Sketch the graph of a function that has neither a local maximum nor a local minimum at a point where \(f^{\prime}(x)=0\)

Short Answer

Expert verified
Short Answer: The function \(f(x)=x^3\) has a critical point at \(x=0\) with no local maximum or minimum, as the function is increasing both when \(x<0\) and when \(x>0\). This point is an inflection point where the concave shape of the graph changes. The graph of \(f(x)=x^3\) has a cubic curve passing through the origin.

Step by step solution

01

Find the function's derivative.

To find the critical points, we need to take the derivative of the given function. We're using \(f(x)=x^3\), so to find its derivative, we can use the power rule. The power rule states that if \(f(x)=x^n\), then \(f^{\prime}(x)=nx^{n-1}\). $$f^{\prime}(x) = 3x^2$$
02

Find the critical points.

Critical points are points where the first derivative is zero or undefined. In this case, the derivative is defined for all \(x\). To find where the first derivative is zero, we can set \(f^{\prime}(x)\) to zero and solve: $$3x^2 = 0$$ This equation simplifies to \(x=0\). So, there is a critical point at \(x=0\).
03

Determine the nature of the critical point.

To determine if the critical point is a local maximum, minimum, or neither, we can use the second derivative test.

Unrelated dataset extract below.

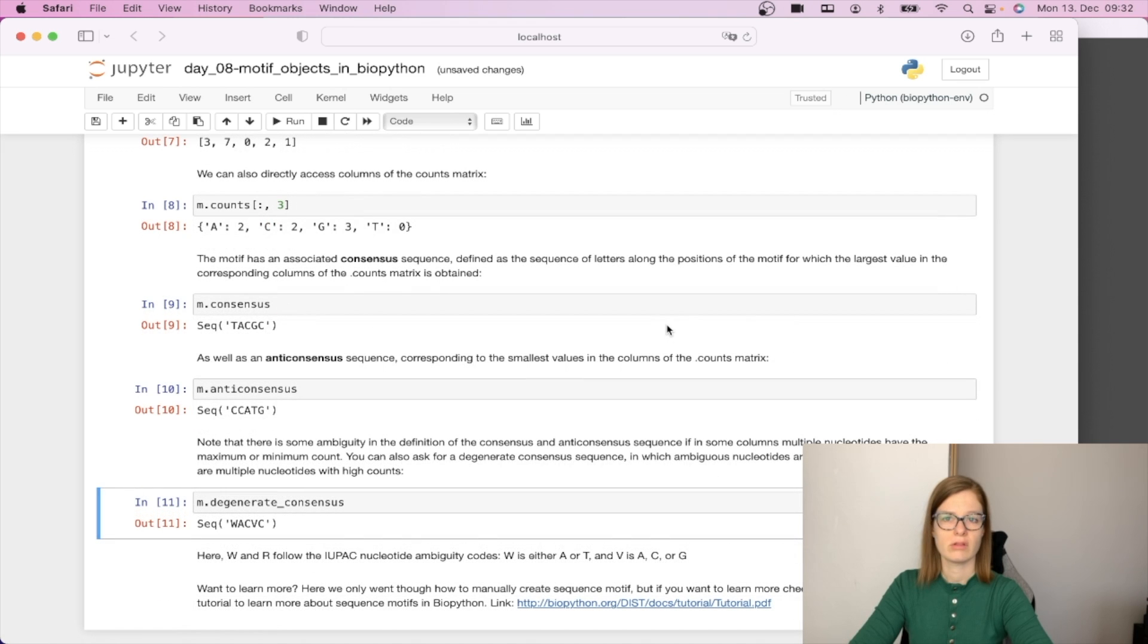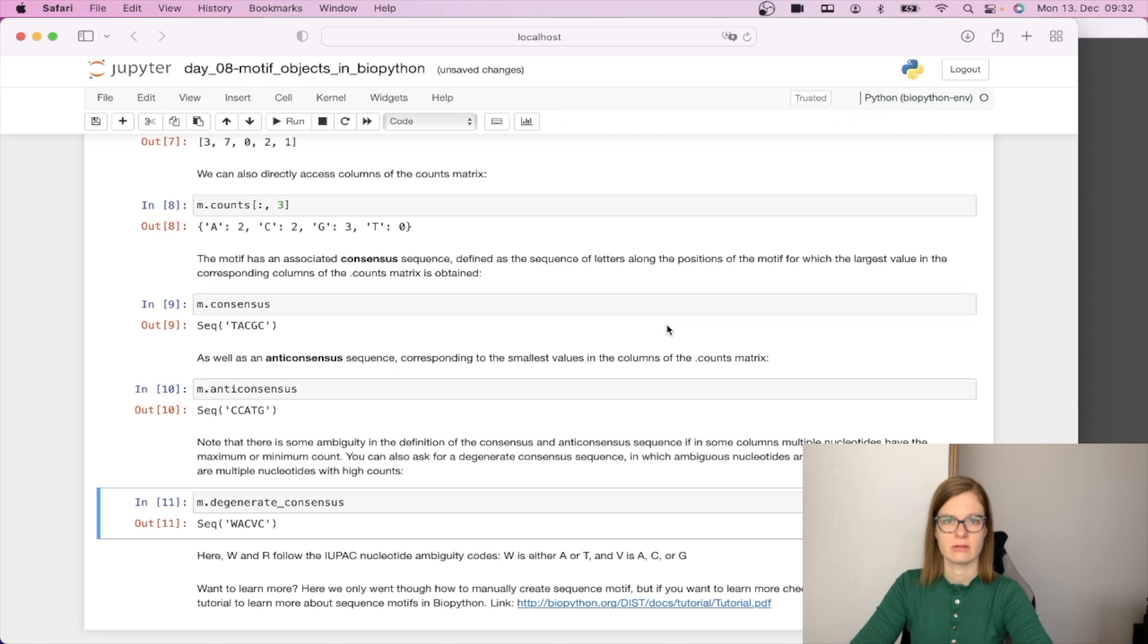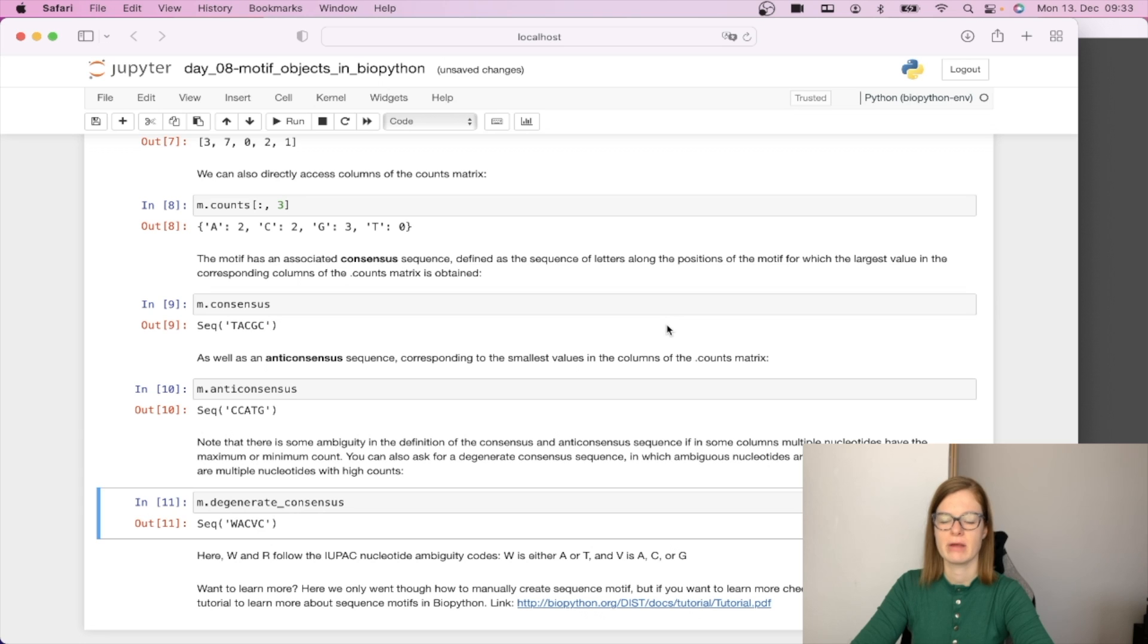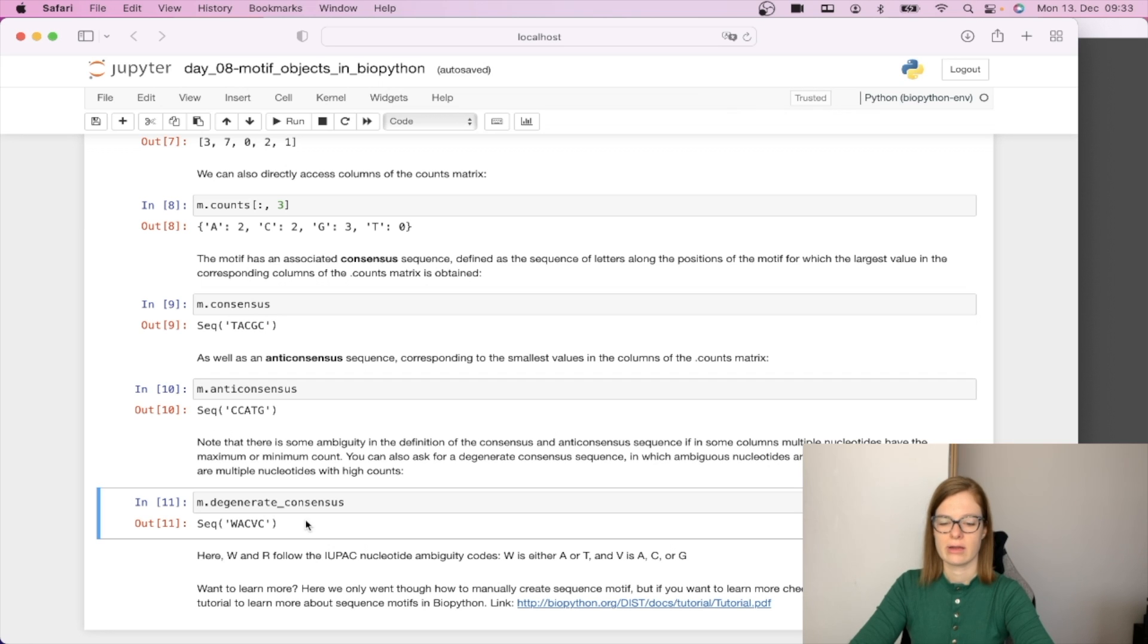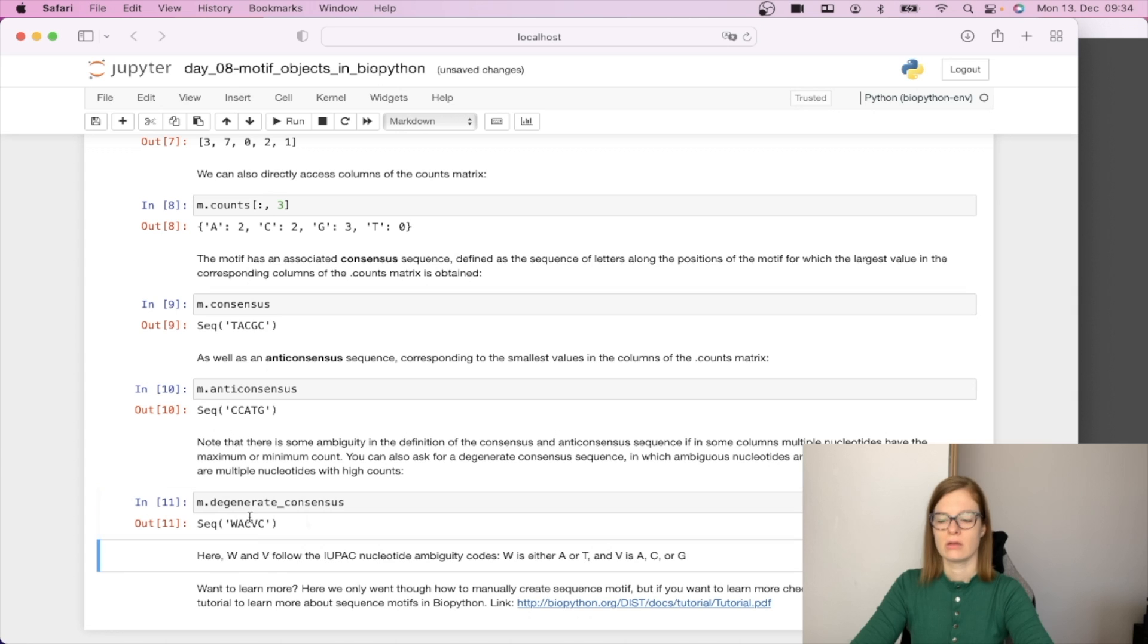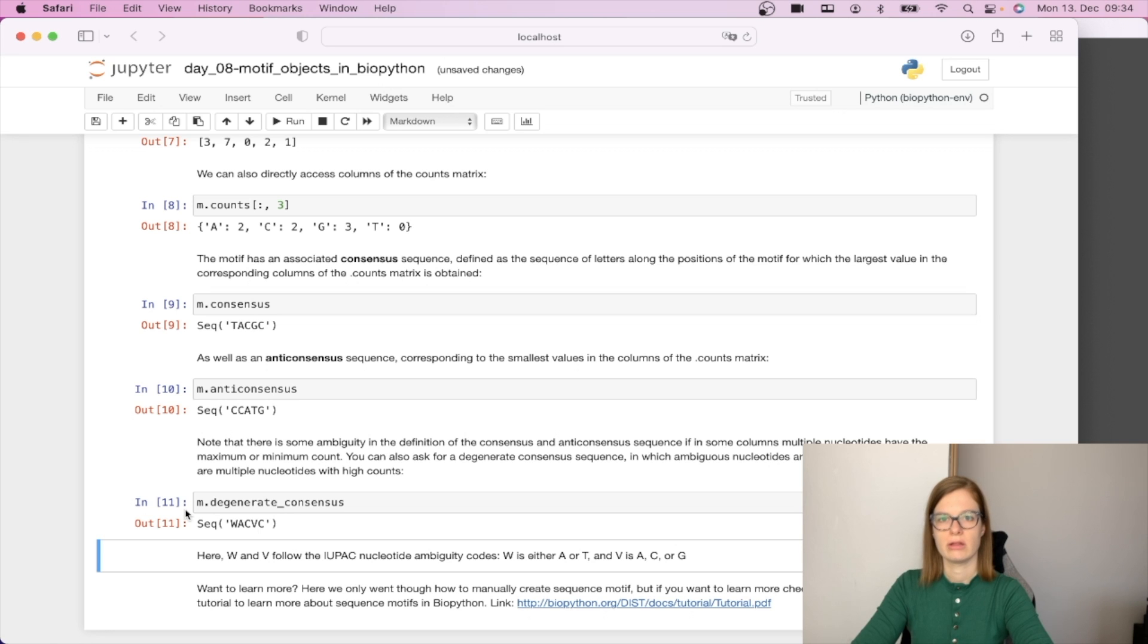It is also possible that we get some ambiguity in the definitions of consensus and anti-consensus. This can occur if in some columns multiple nucleotides have the maximum or minimum count. For this case we can call m.degenerate_consensus in which ambiguous nucleotides are used for positions where there are multiple nucleotides with high counts. Here W and V follow the IUPAC nucleotide ambiguity codes, so W is either A or T and V is either A, C or G.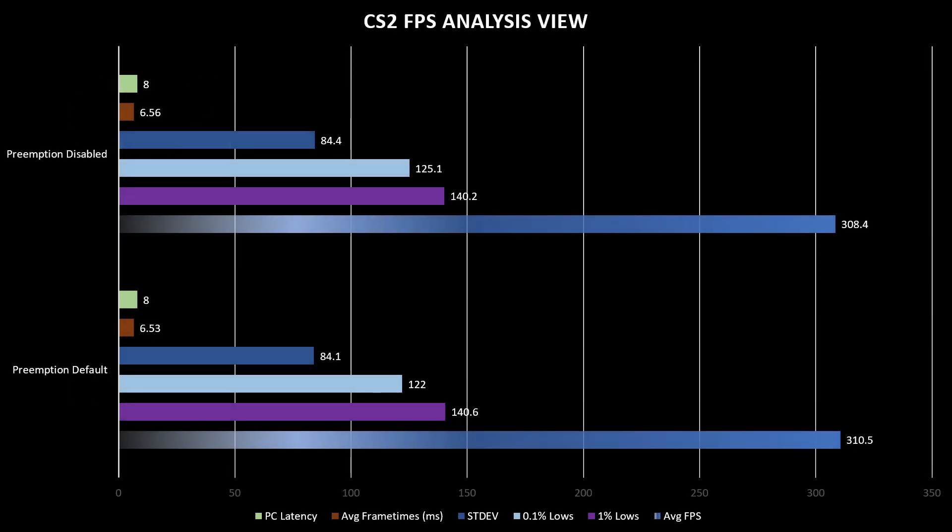In CS2, latency is the same, average frame times are actually the same, standard deviation the same. 0.1% lows are by three FPS better with preemption disabled, 1% lows are the same, and average FPS is better with preemption default when we have enabled preemption.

We need to first find the second derivative, \(f^{\prime\prime}(x)\), and then evaluate it at \(x=0\). To find the second derivative, we can take the derivative of our first derivative: $$f^{\prime}(x) = 3x^2$$ $$f^{\prime\prime}(x) = 6x$$ Now, we can evaluate the second derivative at \(x=0\): $$f^{\prime\prime}(0) = 6(0) = 0$$ Since the second derivative equals \(0\), we cannot use the second derivative test to determine whether the critical point is a local maximum, minimum or neither. We need to analyze the function's behavior around the critical point.
04

Analyze the behavior of the function around the critical point.

Let's check the slope of the tangent in the intervals \(x<0\) and \(x>0\): For \(x<0\), \(f^{\prime}(x) = 3x^2 > 0\) (tangent is positive, the function is increasing). For \(x>0\), \(f^{\prime}(x) = 3x^2 > 0\) (tangent is positive, the function is increasing). The slopes are both positive in \(x<0\) and \(x>0\), meaning there is neither a local maximum nor minimum at \(x=0\). This point must be an inflection point.
05

Graph the function.

Now that we have analyzed the behavior of the function, we can sketch the graph of \(f(x)=x^3\). The function has an inflection point at \(x=0\), and we know that the function is increasing in both \(x<0\) and \(x>0\). The graph of the function will look like a cubic curve passing through the origin, with the concave shape changing at the inflection point.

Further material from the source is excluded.